By David Jacobs | The Center Square
Louisiana’s public colleges and universities will receive $147.1 million through the federal CARES Act, the U.S. Department of Education says.
At least half of the money must be dedicated to emergency student support. Eligible expenses include food, housing, course materials, technology, health care and child care.
School officials can use the rest to cover their costs associated with changing how they deliver instruction amid the COVID-19 pandemic. Campuses have been closed since mid-March.
The Louisiana Board of Regents that oversees higher education met online Wednesday to formally adopt policies implemented in response to the pandemic, such as setting admissions criteria after standardized tests were canceled. They also approved additional changes such as authorizing existing degree programs to be offered entirely online.
The Regents have established a Digital Inclusion Committee that will help prioritize spending of some of the CARES Act money to address “Louisiana’s well-established digital divide.” About 90 percent of students have engaged with the digital platforms needed for their coursework but many lack reliable access to high-speed internet, a committee survey found.
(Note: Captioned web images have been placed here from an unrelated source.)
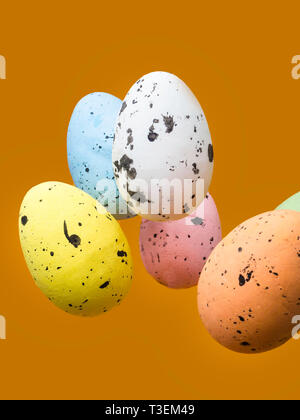 Easter scene with colored eggs flying on orange background Stock Photo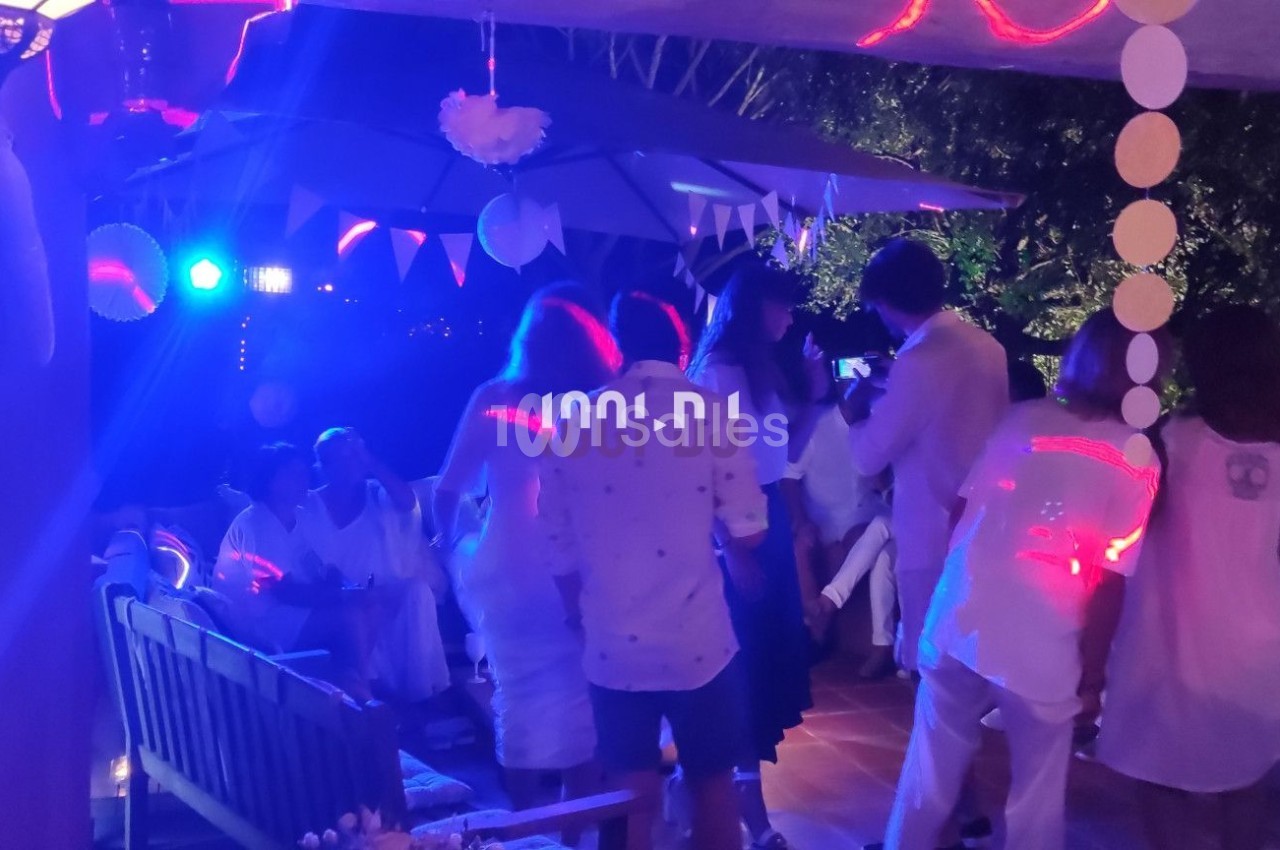 Groupe de personnes en tenue blanche dans une soirée festive avec éclairage coloré et décorations suspendues.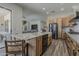 Open kitchen floor plan with an island, stainless appliances, and light wood cabinets at 3662 E Megan St, Gilbert, AZ 85295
Strategies to address those concerns include using low-tech distance learning including recording lectures and printing packets for pickup. The Regents also are providing surplus laptops and a statewide map showing where to go to find free public wifi for “drive-in studying opportunities.”
“So far, these stop-gap measures have proven extremely successful and the survey gives us great hope that students are persisting and adapting,” Commissioner of Higher Education Kim Hunter Reed said. “We know our talent development imperative is not paused during a pandemic. In fact, it is amplified.”